* _Available data_
• • • •

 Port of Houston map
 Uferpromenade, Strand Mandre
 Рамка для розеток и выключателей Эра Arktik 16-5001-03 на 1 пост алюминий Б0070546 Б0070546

• • • •

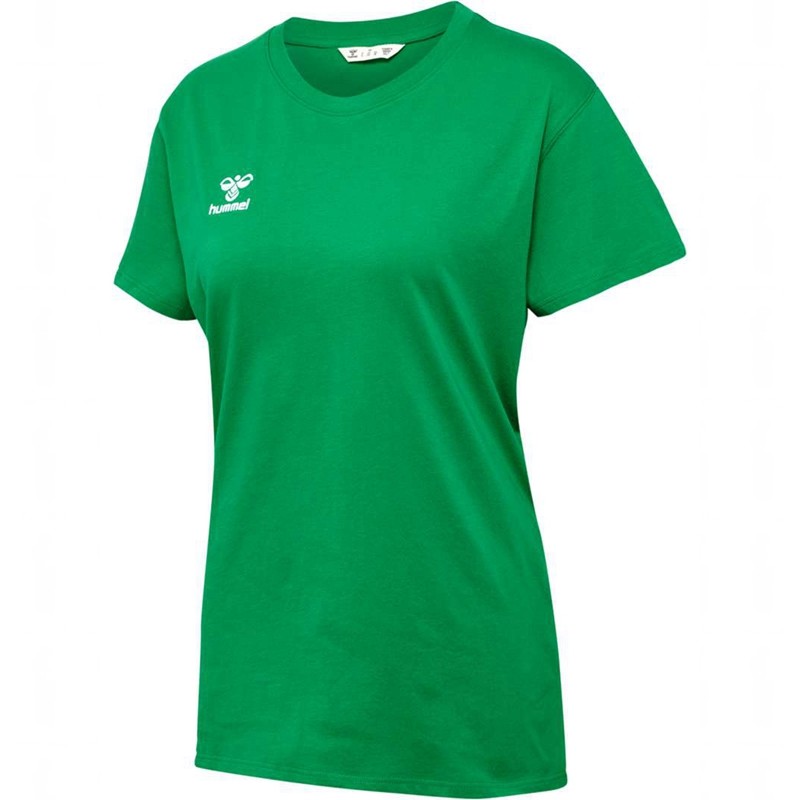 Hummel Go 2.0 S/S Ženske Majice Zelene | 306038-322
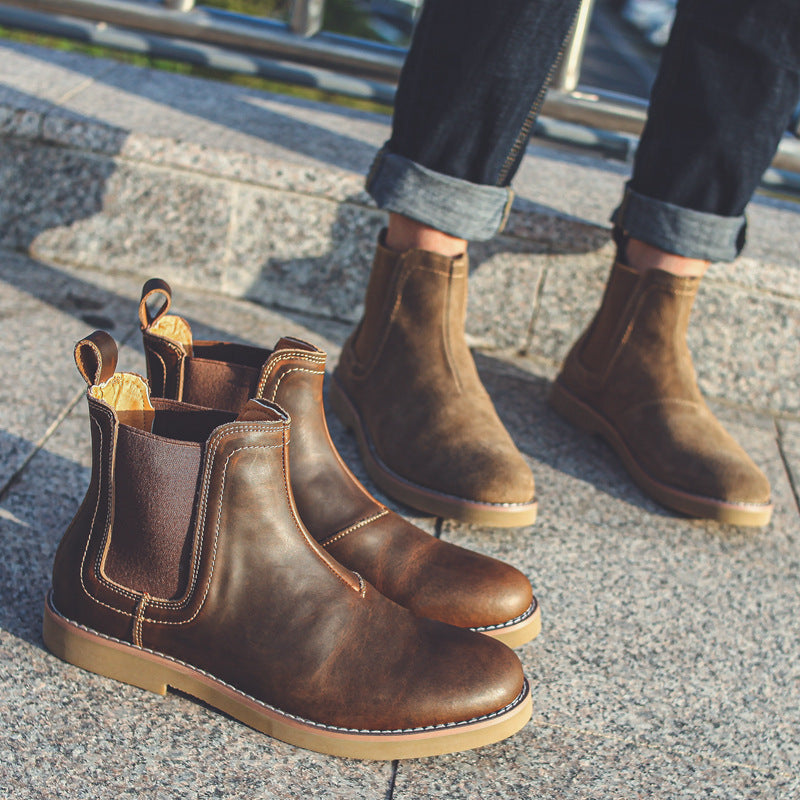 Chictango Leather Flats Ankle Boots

• • • •

Please transcribe exactly the part of the records that opens with the line containing "Hummel Go 2.0" and closes with the line containing "Chictango Leather Flats Ankle Boots", both ends included, and leave out the pictures.

 Hummel Go 2.0 S/S Ženske Majice Zelene | 306038-322
 Chictango Leather Flats Ankle Boots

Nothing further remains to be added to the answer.